Material provided START

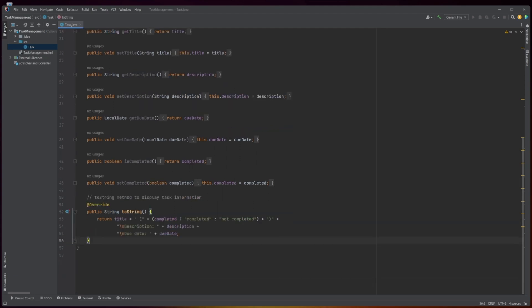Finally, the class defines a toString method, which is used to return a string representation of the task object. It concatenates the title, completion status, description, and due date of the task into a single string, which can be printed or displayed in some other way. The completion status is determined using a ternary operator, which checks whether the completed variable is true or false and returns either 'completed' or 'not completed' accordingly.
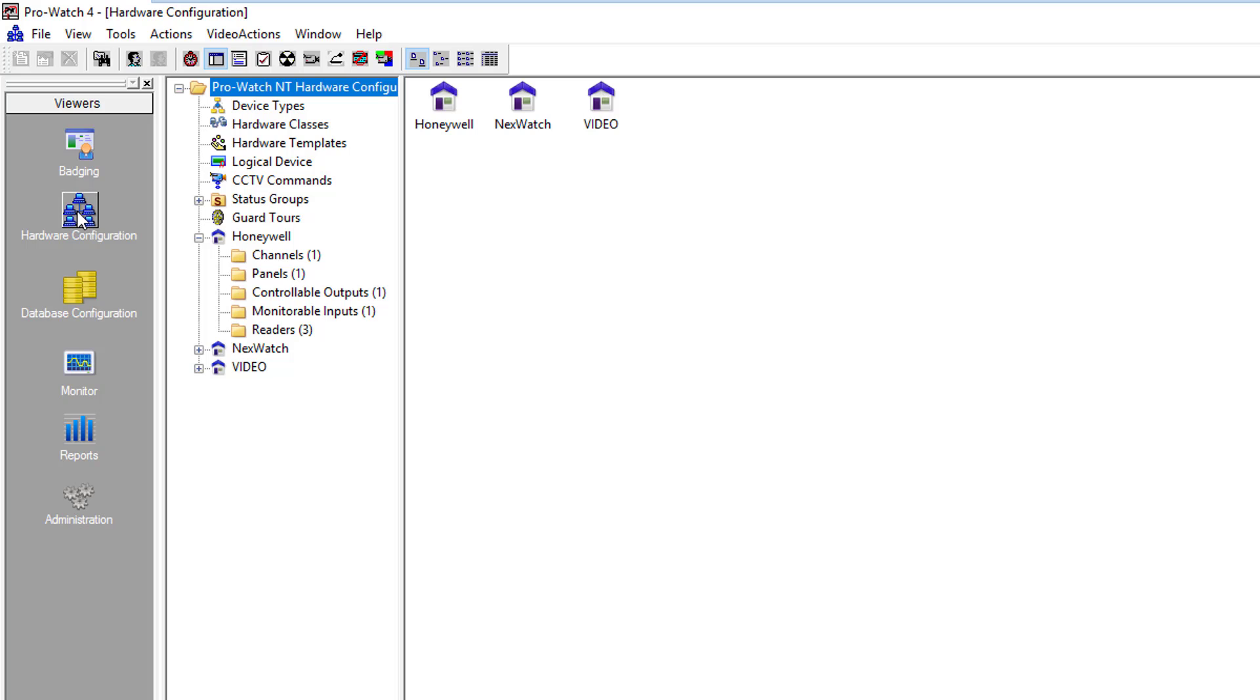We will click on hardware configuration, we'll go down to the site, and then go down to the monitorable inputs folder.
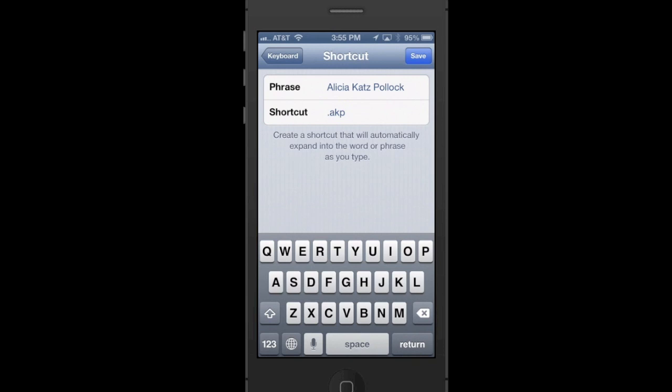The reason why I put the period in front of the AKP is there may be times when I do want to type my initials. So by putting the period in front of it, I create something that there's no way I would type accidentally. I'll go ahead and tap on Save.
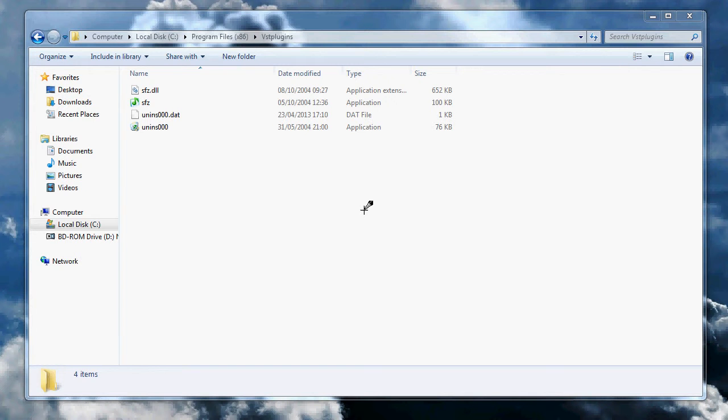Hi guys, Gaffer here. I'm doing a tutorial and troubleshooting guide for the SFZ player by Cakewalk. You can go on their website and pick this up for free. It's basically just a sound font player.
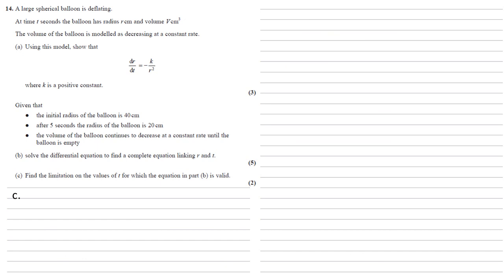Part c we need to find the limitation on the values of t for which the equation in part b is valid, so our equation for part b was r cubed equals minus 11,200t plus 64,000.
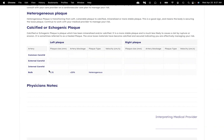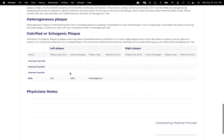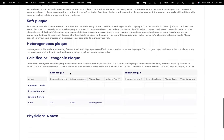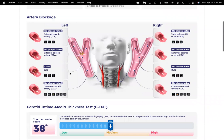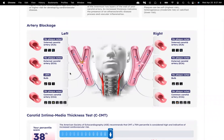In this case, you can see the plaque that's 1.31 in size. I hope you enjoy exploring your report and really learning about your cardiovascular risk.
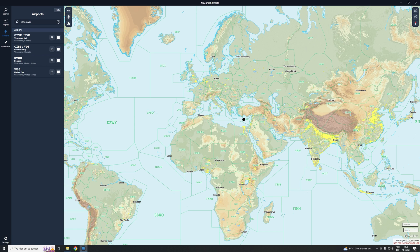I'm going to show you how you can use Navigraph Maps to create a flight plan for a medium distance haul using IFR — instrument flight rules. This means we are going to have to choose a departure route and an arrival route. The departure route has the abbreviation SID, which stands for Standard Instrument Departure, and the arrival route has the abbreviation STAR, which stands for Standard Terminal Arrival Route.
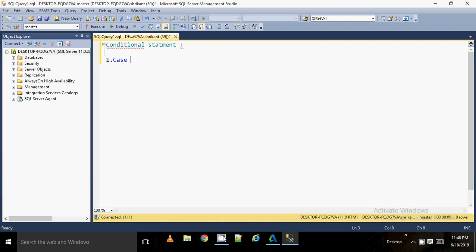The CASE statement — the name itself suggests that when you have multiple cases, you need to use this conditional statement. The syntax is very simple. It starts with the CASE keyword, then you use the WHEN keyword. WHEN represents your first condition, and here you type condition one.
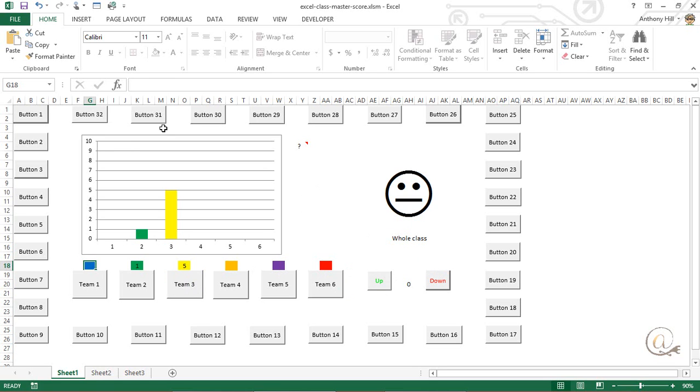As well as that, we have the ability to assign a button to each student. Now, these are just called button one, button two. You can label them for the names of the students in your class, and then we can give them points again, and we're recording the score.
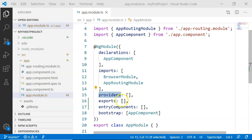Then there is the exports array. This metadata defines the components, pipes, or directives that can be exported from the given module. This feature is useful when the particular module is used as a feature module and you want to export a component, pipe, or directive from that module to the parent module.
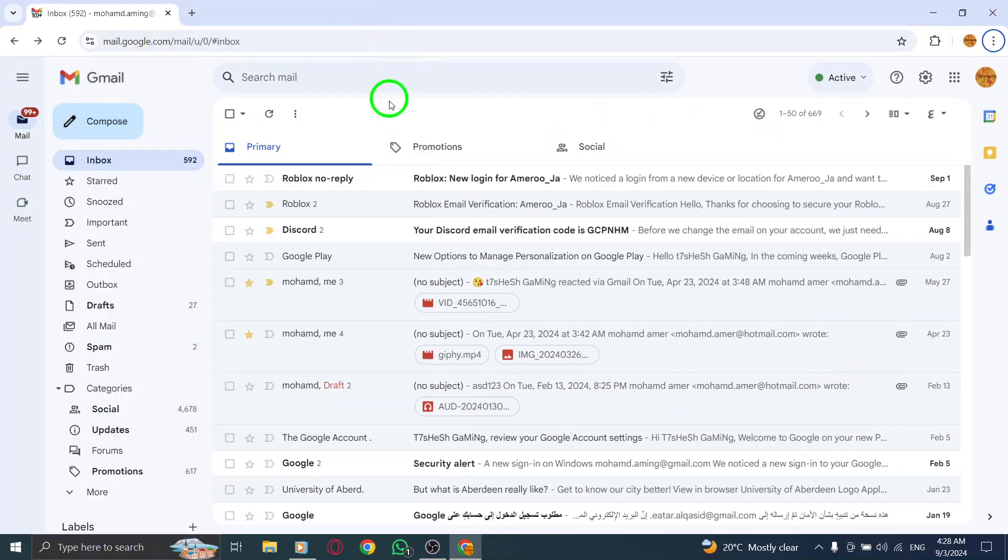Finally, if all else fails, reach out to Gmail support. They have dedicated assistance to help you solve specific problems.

Material provided END
Material provided START

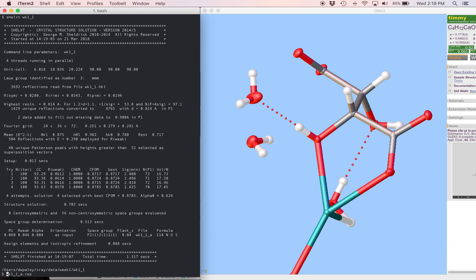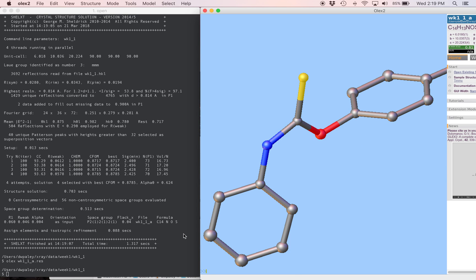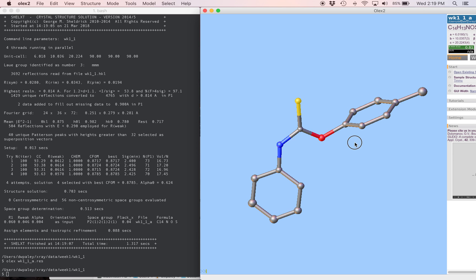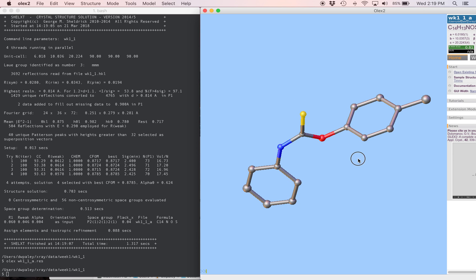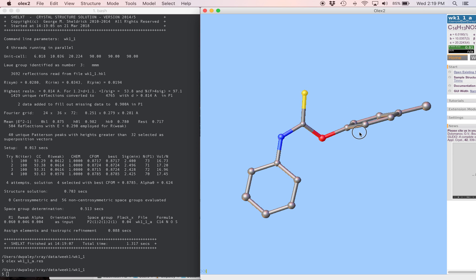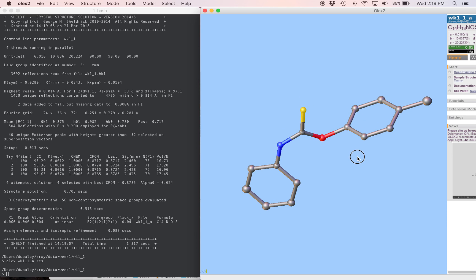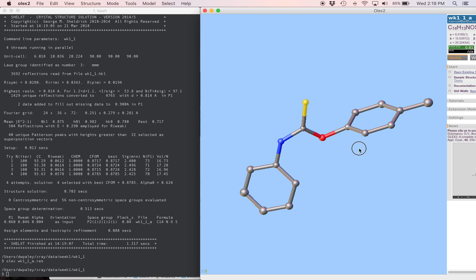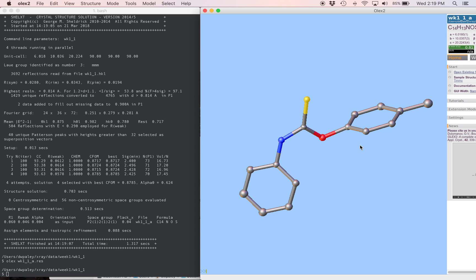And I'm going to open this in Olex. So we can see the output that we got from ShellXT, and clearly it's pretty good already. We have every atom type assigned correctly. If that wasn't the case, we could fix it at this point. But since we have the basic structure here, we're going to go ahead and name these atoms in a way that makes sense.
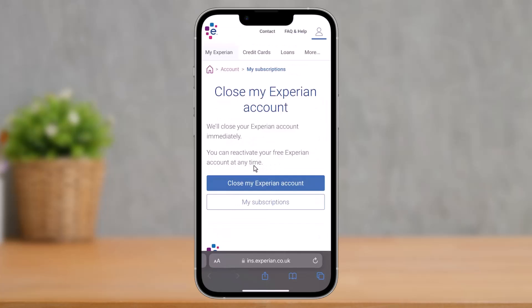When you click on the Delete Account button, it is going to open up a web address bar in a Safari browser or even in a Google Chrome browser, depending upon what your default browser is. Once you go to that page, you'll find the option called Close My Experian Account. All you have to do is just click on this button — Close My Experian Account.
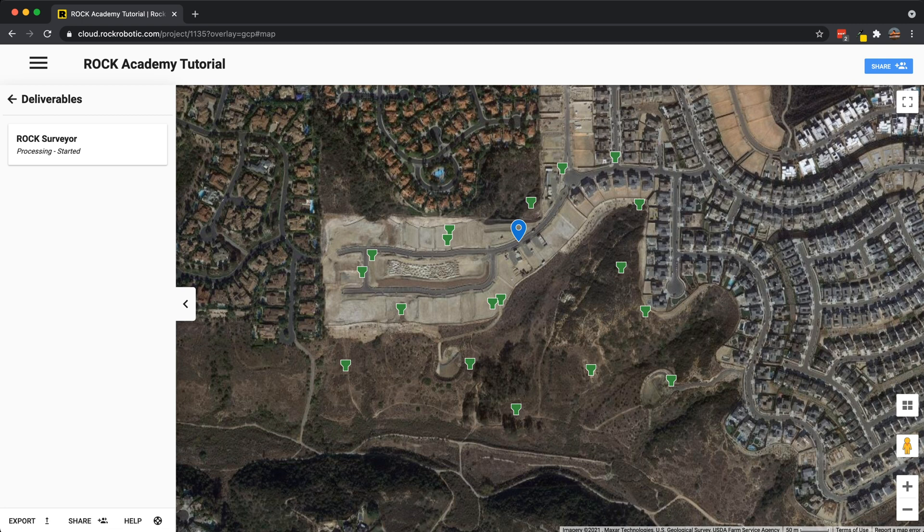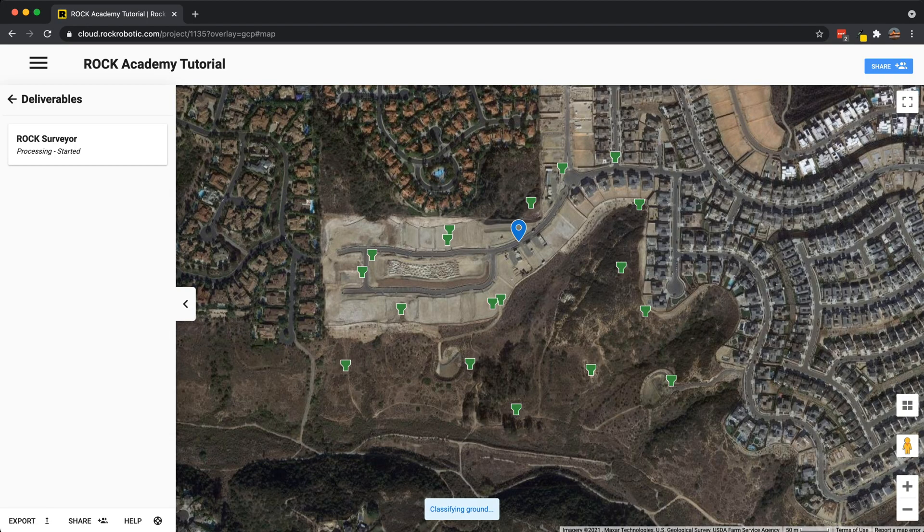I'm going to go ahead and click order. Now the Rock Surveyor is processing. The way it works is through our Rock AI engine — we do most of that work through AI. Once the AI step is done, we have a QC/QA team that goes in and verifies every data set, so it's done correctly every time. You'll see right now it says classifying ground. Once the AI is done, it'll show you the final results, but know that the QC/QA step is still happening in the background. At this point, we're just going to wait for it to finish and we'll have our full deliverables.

Material provided END

What is expected:
The answer is those lines of the material above that run from the one containing "Hi guys, Gaffer" up to and including the one containing "I'm going to show", restated exactly and without images.

Completed task:
Hi guys, Gaffer here. I'm doing a tutorial and troubleshooting guide for the SFZ player by Cakewalk. You can go on their website and pick this up for free. It's basically just a sound font player.
Part c we need to find the limitation on the values of t for which the equation in part b is valid, so our equation for part b was r cubed equals minus 11,200t plus 64,000.
In this case, you can see the plaque that's 1.31 in size. I hope you enjoy exploring your report and really learning about your cardiovascular risk.
I'm going to show you how you can use Navigraph Maps to create a flight plan for a medium distance haul using IFR — instrument flight rules. This means we are going to have to choose a departure route and an arrival route. The departure route has the abbreviation SID, which stands for Standard Instrument Departure, and the arrival route has the abbreviation STAR, which stands for Standard Terminal Arrival Route.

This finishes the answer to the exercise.